Giustizia a orologeria, se alcuni s’indignano solo quando tocca a loro…
La vigilia delle Comunali accesa dai casi Morisi e Lucano, oltre che dalle inchieste su Tiziano Renzi e FdI. E il Pd ora insorge contro la magistratura, neanche fosse lesa maestà
Alla vigilia delle Comunali di domenica e lunedì 4 ottobre, la vexata quaestio della giustizia a orologeria è tornata a esplodere. Merito (si fa per dire) di quattro casi tra loro diversissimi, che però hanno in comune una tempistica piuttosto “opportuna”. Con la novità di un “bersaglio” inedito che, abituato a stare dalla parte opposta della barricata, pare non aver minimamente gradito l’inversione di rotta.

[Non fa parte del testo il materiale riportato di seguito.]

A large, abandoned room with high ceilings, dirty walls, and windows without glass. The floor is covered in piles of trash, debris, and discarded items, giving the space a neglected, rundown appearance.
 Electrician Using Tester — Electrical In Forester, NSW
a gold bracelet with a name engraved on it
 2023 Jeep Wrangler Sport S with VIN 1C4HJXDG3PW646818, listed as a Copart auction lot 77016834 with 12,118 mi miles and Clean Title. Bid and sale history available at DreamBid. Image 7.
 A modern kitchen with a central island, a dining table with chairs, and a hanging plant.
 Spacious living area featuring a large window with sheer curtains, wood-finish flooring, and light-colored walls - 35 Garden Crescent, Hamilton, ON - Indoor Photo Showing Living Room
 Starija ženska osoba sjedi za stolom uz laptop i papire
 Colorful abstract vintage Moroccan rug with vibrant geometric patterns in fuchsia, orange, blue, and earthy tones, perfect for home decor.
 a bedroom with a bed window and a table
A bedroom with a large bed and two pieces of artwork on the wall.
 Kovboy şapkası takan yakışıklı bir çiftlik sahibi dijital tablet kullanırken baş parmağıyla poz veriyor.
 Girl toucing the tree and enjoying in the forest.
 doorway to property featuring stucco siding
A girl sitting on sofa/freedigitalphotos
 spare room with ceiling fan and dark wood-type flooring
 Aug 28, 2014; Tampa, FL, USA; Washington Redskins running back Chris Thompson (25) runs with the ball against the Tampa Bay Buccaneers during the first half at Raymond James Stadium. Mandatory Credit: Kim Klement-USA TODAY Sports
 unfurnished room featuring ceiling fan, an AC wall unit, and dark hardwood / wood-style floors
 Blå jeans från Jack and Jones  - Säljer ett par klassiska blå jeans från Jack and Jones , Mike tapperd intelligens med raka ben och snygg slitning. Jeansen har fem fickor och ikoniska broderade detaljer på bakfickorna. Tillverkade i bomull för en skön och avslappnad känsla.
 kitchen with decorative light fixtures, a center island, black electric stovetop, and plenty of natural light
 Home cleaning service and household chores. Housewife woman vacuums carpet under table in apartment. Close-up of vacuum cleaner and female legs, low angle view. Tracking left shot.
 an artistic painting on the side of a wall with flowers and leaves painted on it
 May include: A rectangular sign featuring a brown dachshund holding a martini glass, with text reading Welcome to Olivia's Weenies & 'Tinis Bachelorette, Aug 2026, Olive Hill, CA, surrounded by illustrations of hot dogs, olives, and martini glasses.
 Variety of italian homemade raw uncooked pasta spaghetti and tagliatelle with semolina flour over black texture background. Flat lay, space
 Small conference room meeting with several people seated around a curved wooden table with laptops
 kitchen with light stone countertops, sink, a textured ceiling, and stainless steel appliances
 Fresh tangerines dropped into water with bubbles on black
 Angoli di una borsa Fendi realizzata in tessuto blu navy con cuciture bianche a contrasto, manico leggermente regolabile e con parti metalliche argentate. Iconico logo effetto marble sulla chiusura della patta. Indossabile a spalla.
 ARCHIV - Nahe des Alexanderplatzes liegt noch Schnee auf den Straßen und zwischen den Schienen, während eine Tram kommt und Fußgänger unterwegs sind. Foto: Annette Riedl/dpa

Torna la giustizia a orologeria?
Puntuale come una cambiale, a pochi giorni dalle Amministrative è nuovamente divampata la polemica sulla giustizia a orologeria. Ad accendere la miccia è stato l’ormai notissimo episodio riguardante Luca Morisi, l’ex social media manager della Lega indagato per detenzione e cessione di sostanza stupefacente. Reato consumato durante un festino con due giovani escort rumeni e un cinquantenne italiano. Fatti però risalenti a metà agosto ma che, curiosamente, sono finiti su tutti i giornali all’inizio dell’ultima settimana di campagna elettorale.
Non era, peraltro, un caso (politico) isolato. Nelle stesse ore, infatti, veniva rinviato a giudizio Tiziano Renzi, padre dell’ex Premier Matteo, leader di Italia Viva. L’accusa nei suoi confronti è traffico di influenze illecite in relazione all’inchiesta Consip, la società del Ministero dell’Economia che gestisce gli acquisti della P.A. Per gli inquirenti, Renzi senior, assieme all’imprenditore Carlo Russo, avrebbe mediato con l’ex A.D. dell’ente Luigi Marroni perché questi favorisse l’altro imprenditore Alfredo Romeo.
Poi è arrivata la condanna a 13 anni e 2 mesi (in primo grado) per Domenico “Mimmo” Lucano, già sindaco di Riace e campione dei radical chic. Un verdetto su cui, per la verità, la confusione regna sovrana. È vero, infatti, che all’ex primo cittadino, paladino buonista in quanto propugnatore di un’accoglienza indiscriminata, era contestato anche il favoreggiamento dell’immigrazione clandestina. Però da quest’accusa (come da altre, per esempio la concussione) è stato assolto. Mentre è stato condannato, per farla breve, per peculato plurimo in associazione per delinquere e per truffa aggravata per il conseguimento di erogazioni pubbliche.
Dulcis in fundo, ecco l’appendice rappresentata dall’inchiesta per finanziamento illecito e riciclaggio relativa alla campagna elettorale milanese di FdI. Inchiesta aperta – guarda caso – a poche ore dal silenzio elettorale.
L’ipocrita garantismo a senso unico alternato
Fin qui la cronaca, poi ci sono i risvolti, che riguardano soprattutto quel partito che per vent’anni ha brandito la giustizia come una clava contro gli avversari politici. E il cui segretario, Enrico “stai sereno” Letta, ha descritto la vicenda Lucano come «un messaggio terribile», che «farà crescere la sfiducia nei confronti della magistratura».
In effetti il Nipote-di può tranquillamente tener fede al suo soprannome. La stima verso il terzo potere dello Stato, specialmente dopo l’affaire Palamara, è già talmente bassa che ben difficilmente potrà essere ancora intaccata. Senza contare che, fino a prova contraria, i gradi di giudizio sono tre, e Appello e Cassazione potrebbero anche ribaltare la deliberazione del Tribunale di Locri.
Piuttosto è interessante notare l’atteggiamento da lesa maestà del Pd, solitamente fautore del luogo comune secondo cui “le sentenze non si commentano, si rispettano”. Perlomeno – pare – finché non lambiscono proprio via del Nazareno, ritrasformando improvvisamente i manutengoli del peggior giustizialismo in alfieri del garantismo. Che però, proprio come l’ipocrisia di-Letta, è sempre a senso unico alternato.